The New Yorker selects Muldoon. I can't say I've really been able to get through a poem of Paul Muldoon's, let alone enjoy myself all that much. Too much of the prosaic for my taste. I'm unabashedly fond of the sexy and subversive. Though, if anyone can show me sexy/subversive Muldoon, I will be happy to revise my opinion. I love how the article essentially assures the reader that the aesthetic will not be disturbed by the shift in editorial leadership; no, Dear Reader, rest assured, The New Yorker will continue to rock your middle-brow evenings with the poetic equivalent of bran.

I've just heard that eMusic has added audiobooks to their listening selection. I'm sort of giddy about the possiblities of transmitting verse through recording. It's a different way of accessing the art that I feel is a bit undervalued - I don't value the importance of hearing a poem read enough, but I really want to. When I think of poetry read, I think of a couple of very different/somewhat similar instances I was exposed to in grad school - one, a recording of Cin Salach, which was deliberately performative and genre-hopping; the other, a recording of (I think) Joshua Beckman and Matthew Rohrer, which was also a deliberate performance, but it was also 1) a live reading, more-or-less in traditional poetry reading fashion and 2) impromptu collaboration, taking advantage of audience energy to generate some poems on the spot - with moderate success and much failure, as is the case for most improv performance. But, I'm thinking of a place in between these models - not as planned, rehearsed and mastered as Salach, yet not as improvish as Beckman/Rohrer.
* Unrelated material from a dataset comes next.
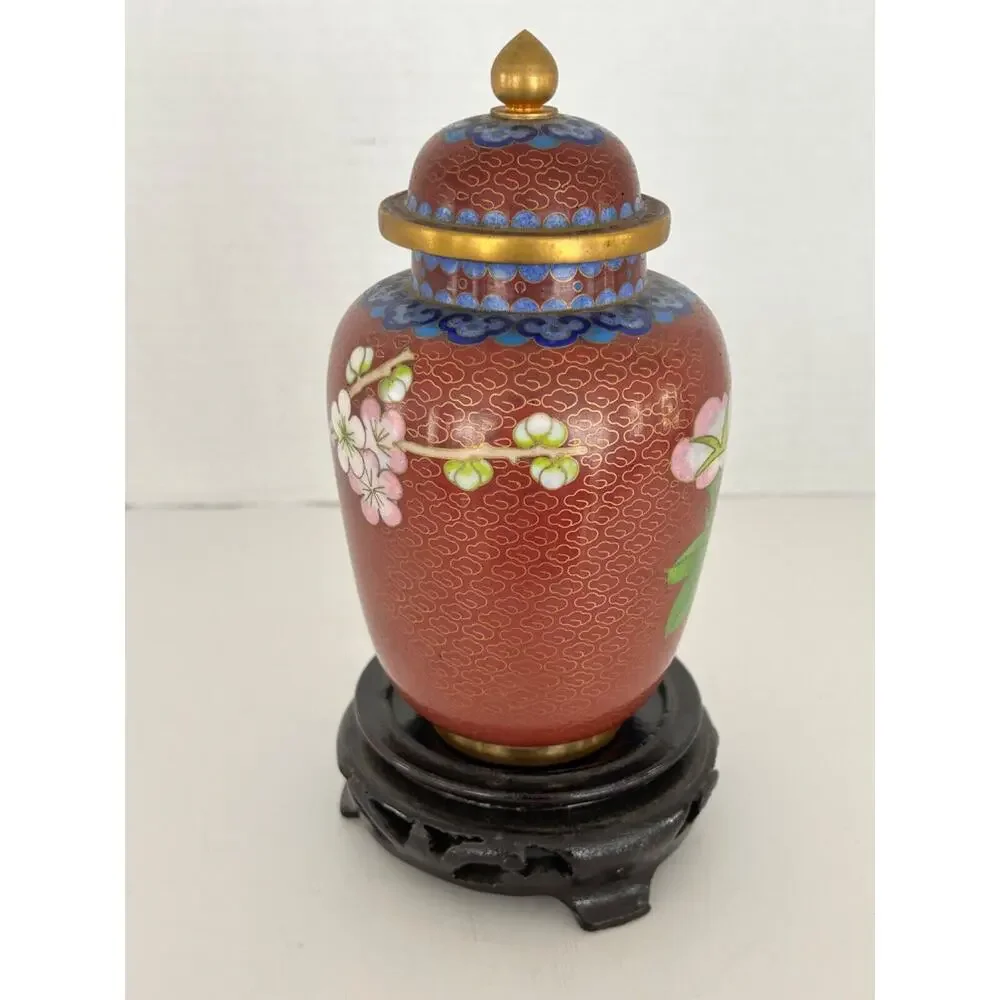 Vintage Chinese Cloisonne Baluster Urn Jar / Cover 6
Had my thesis been less of a monstrous, unfocused steaming pile (like the malformed siamese twin in Basketcase...which is, by the way, only my favorite B movie about secret siamese twins and revenge murder), it would have approached the subject of "page bias" - that the scoring of a poem (lineation and the like) have bypassed in importance how one interprets that score orally. But, I have my best experiences with poems I engage out loud. I feel also that there's an underlying paranoia that to speak a poem is to perform it and to perform it - well, opens the door for it to be acted, which, let's face it, invites overacting. All of which overshadows the fact that a poem written today (less slam, which I don't even have the background to engage) is of the page, for the page - endures or dies by the page. And we're all so hyperaware of being weird anyway, better to cuddle the status quo.
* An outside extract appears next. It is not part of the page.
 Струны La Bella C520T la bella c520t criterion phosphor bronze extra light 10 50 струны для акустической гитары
The poetry selection at eMusic is pretty sparse right now and the sub-genres offered are confined to "poetry" and "classical poetry" - like poetry and poetry lite? They feature none but more canonical works/poets - Hardy, Shakespeare, Poe, &c. Other people reading dead people's poems. But, I would like to hear some kids record their own work. And I mean kids as in under 40. Which is not to blast the page - because, you know, they could have liner notes, right?